The paper, titled “Quantifying the impact of weak, strong and super ties in scientific careers,” published in the journal PNAS Plus, found that most research collaborations in the two disciplines were short-lived, with 60 to 80 percent lasting less than a year.

Of those whose liaisons lasted longer than two years, roughly two-thirds had gone their separate ways within five years, yet 1 percent of repeat collaborators were still working together after 20 years.

Those who buck the high breakup rate to establish “super ties,” exhibiting a relatively high sustained co-authorship with one other academic, enjoyed a “significant positive impact on productivity and citations,” says the report, in which 473 researcher profiles spanned 15,000 career years, 94,000 publications and 166,000 collaborations since 1963.

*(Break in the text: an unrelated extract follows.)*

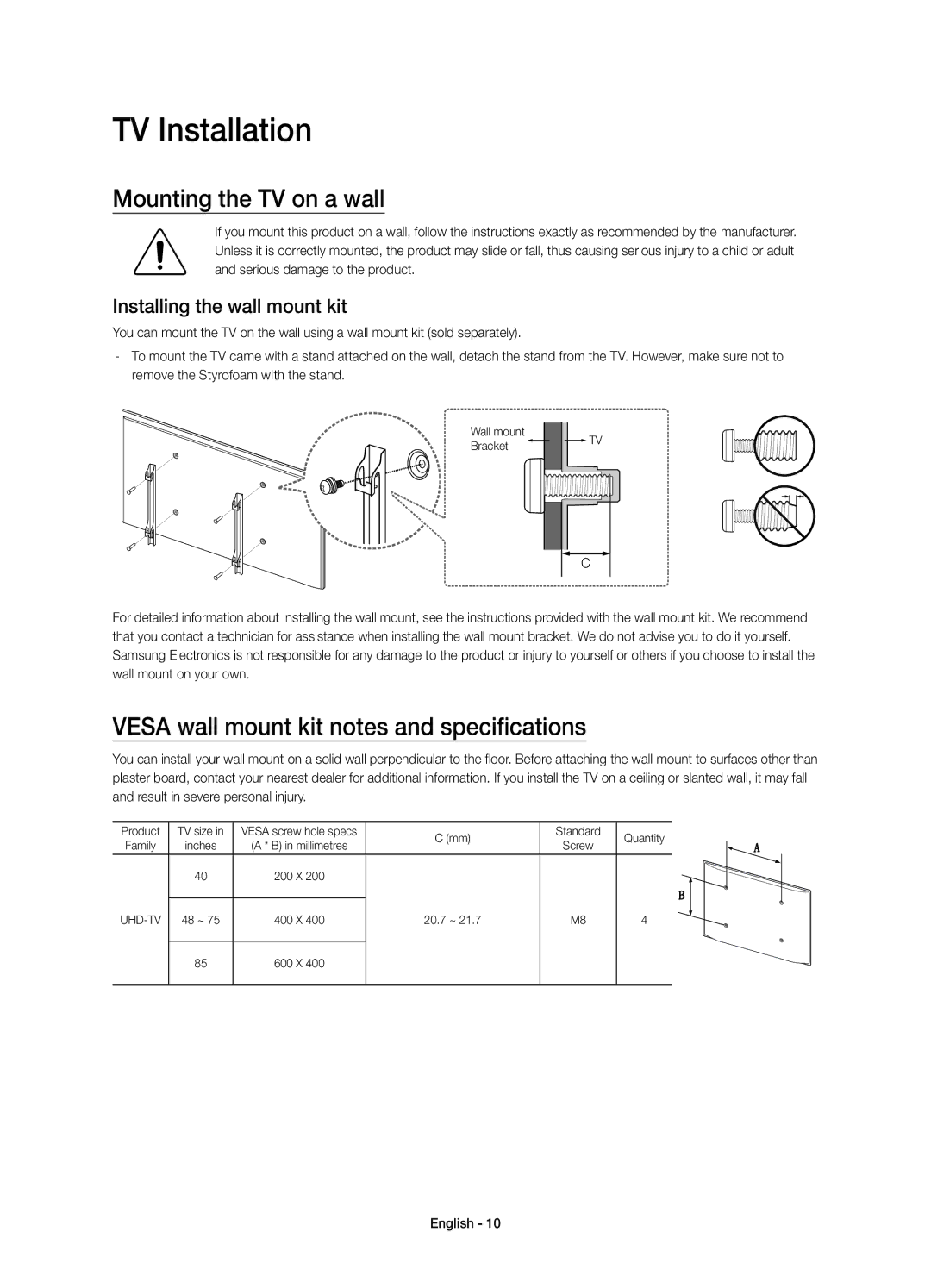 Samsung UE55JU7005TXXE manual TV Installation, Mounting the TV on a wall, Vesa wall mount kit notes and specifications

As research partners improve each other’s performance, institutions should consider recruiting dynamic duos as a pair, rather than focusing on an individual researcher, Petersen suggests.

“These partnerships are valuable and research tends to be of high quality,” he told Times Higher Education. “Most scientists can probably name an outstanding pair within their local research domain, who work with a number of people but remain most definitely a unit,” he added.

But university hiring panels should beware of double acts whose members consistently cite each other’s work largely to improve their metrics -- a strategy he described as “freeloading.”

Institutions should also ensure that there is a “healthy balance” in academic partnerships, with parity in first authorship and other duties, such as mentorship and grant writing.

“Neither one should be pulling all the weight,” he said. “That healthy balance in the coupling is also important in the case of a breakup, so that one of the two is not left behind.”

Early-career researchers should also think carefully about how their skill sets and personalities gel with those of potential collaborators, given the importance of finding one’s academic “life partner,” he added.

But those who did so successfully could reap the rewards, attracting talented “apostles” interested in participating in a scholarly relationship defined by trust, commitment and productivity, Petersen said.

“When people are investing in each other, they invest in something bigger than themselves, which often leads to high-quality science,” he said.